Our proof-of-concept studies, initially focusing on the antidyskinetic efficacy of this RNAi therapeutic, were first performed in rat models of PD. Based on exceptional promise in these models of young and aged parkinsonian rats, we have now brought this therapy into the nonhuman primate (NHP) model of PD, which has greater predictive value for a complex human disease like PD. These most recent studies provide unprecedented evidence that MRI-guided intraputaminal AAV-CaV1.3-shRNA in aged (25-29yrs) male and female nonhuman primates with long-standing (8mos) moderate-to-severe parkinsonian motor deficits results in a significant progressive reversal of motor deficits in the absence of pharmacotherapy, with some aspects including postural instability and motivation-based fine-motor performance returning to normal/pre-parkinsonian baseline. This contrasts maintenance of stable moderate-to-severe disability in those receiving the control/scrambled vector (AAV-SCR-shRNA). AAV-CaV1.3-shRNA recipients also demonstrate maintained levodopa motor benefit lost in these aged, parkinsonian subjects receiving the AAV-SCR-shRNA vector, similar to end-stage PD. Lastly, AAV-CaV1.3-shRNA recipients showed unprecedented, near-complete prevention of LID induction despite long-term (5.5 mos), twice-daily, dose-escalation levodopa. If the current gene therapy findings can be translated into a clinical application with a similar magnitude, this would provide a much-needed breakthrough in treatment of individuals with PD.  

Over the past 30+ years, I have maintained my dedication to the development of improved therapeutics for individuals with Parkinson’s disease (PD) with particular emphasis in understanding how striatal pathology impacts therapeutic efficacy and/or side-effect development in PD. Over the past 15+ years, our research has resulted in a series of studies examining the structural reorganization of cells and circuits in the basal ganglia associated with graft- and levodopa-induced dyskinesias (LID), and molecular triggers that result in failure of DA treatment strategies. In one of our recently completed grant (R01NS105826), our research delving into the realm of ‘personalized medicine’, examined the impact of a common human single nucleotide polymorphism (SNP) on the on the ability to remodel the parkinsonian striatum with new DA terminals using neural grafting in a CRISPR knock-in rat model of the human SNP rs6265 BDNF as a model system. Our current funding includes one competitively renewed R01 grant from NINDS (R01NS110398), an award from SPARK-NS (https://sparkns.org/programs/projects/) and a private family foundation award to continue the development of our very promising gene therapy that shows strong indication of heading toward clinical development in the next several years.

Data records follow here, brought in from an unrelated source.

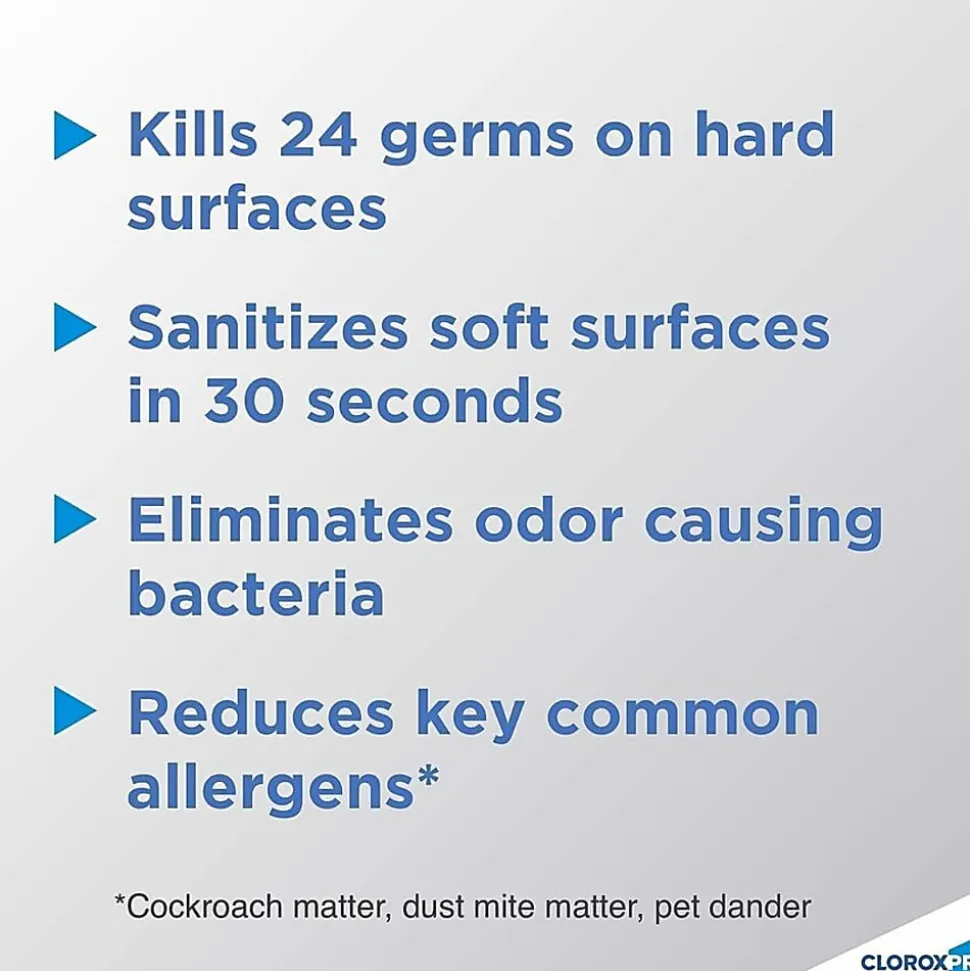 CloroxPro™ 4-in-1 Disinfectant & Sanitizer, 14 Oz, Fresh Citrus Scent, Carton Of 12 Cans
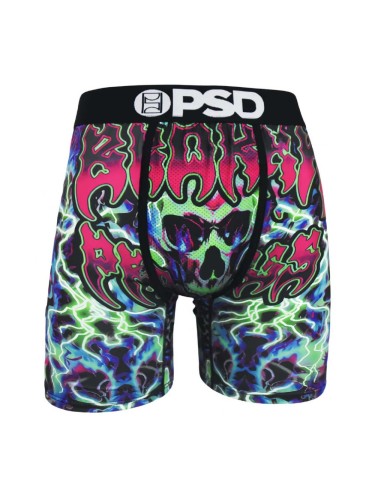Lightning Storm Skull Print Boxer Briefs 28629056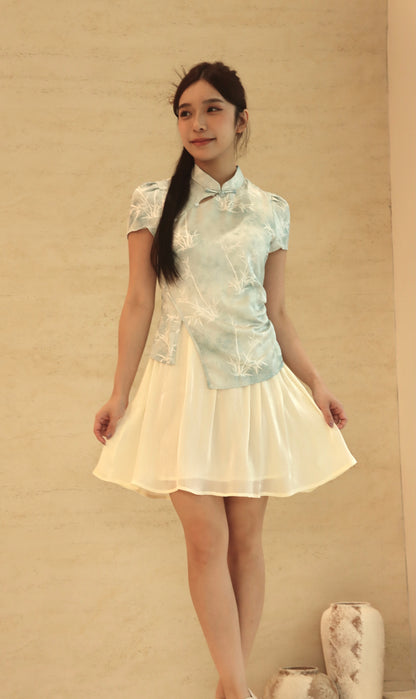 CLOUD CHEONGSAM SKIRT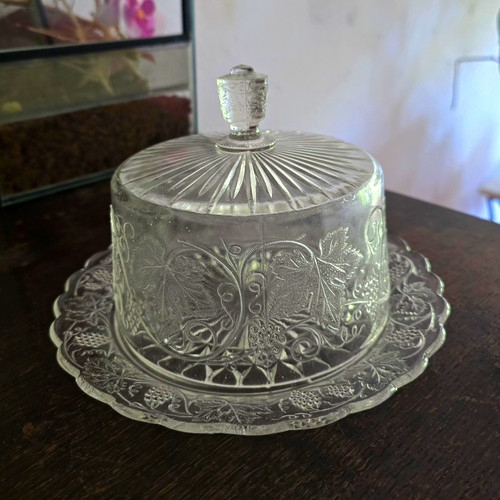 Butterglocke glas transparent - butterglocke,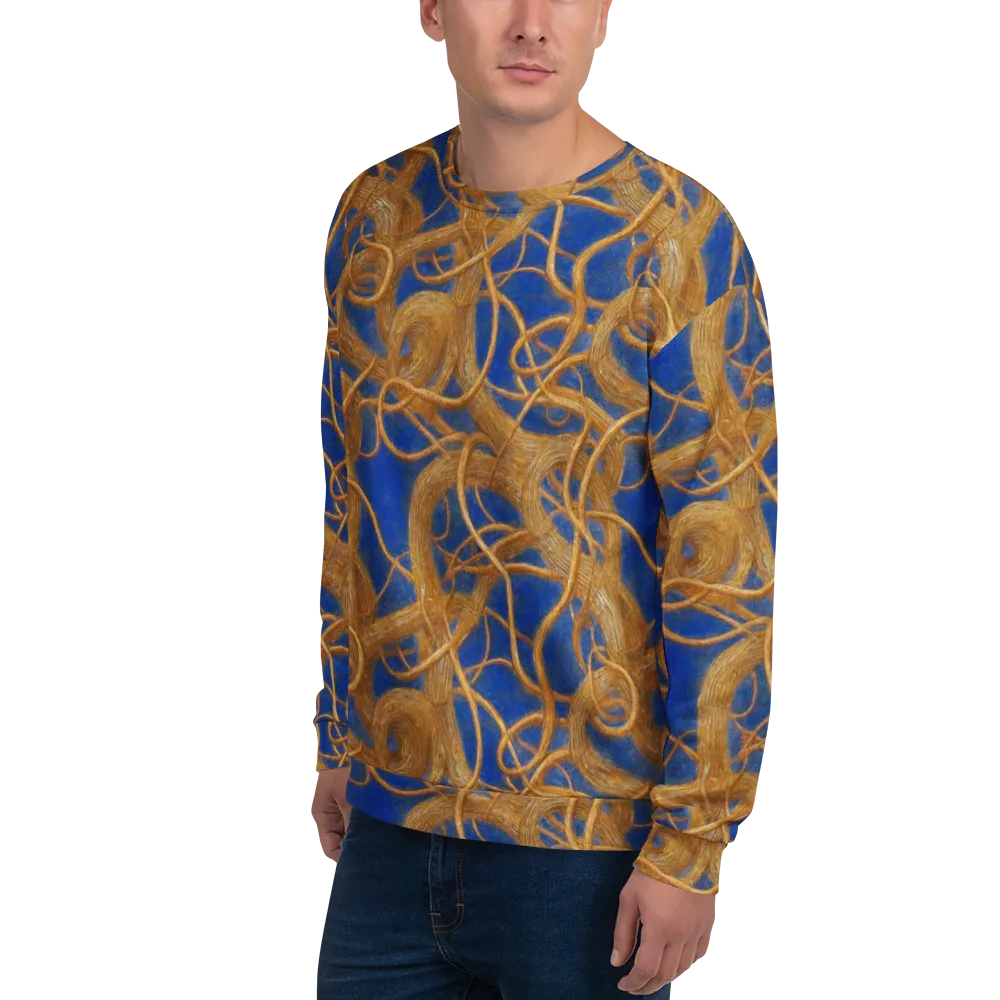 Gilded Tangle on Sweatshirt — Left Front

Specifically, these studies involving multiple relevant models of PD are aiming to define the capacity of novel adeno associated (AAV)-CaV1.3-RNA(i)interference therapeutic agents that provide region specific, gene level silencing of a particular population of calcium channels, CaV1.3 channels, that are therapeutic targets in the PD brain. Our most recent research demonstrates that administration of this spatially controlled RNAi gene therapy demonstrates an unprecedented trifecta of benefits including the ability to provide disease modification (i.e., reversal long-standing parkinsonian motor deficits “OFF” medication), enhancement of motor benefit of levodopa, and amelioration the common LID side-effect that impacts up to 90% of patients. Our continuing investigations are exploring the therapeutic utility of our gene therapy agents in different patient populations by using relevant models of PD, and searching for mechanism underlying these dramatic benefits. These efforts will enhance progress toward early phase clinical testing approval, and allow for development of additional approaches to provide the improved therapeutics for individuals with PD.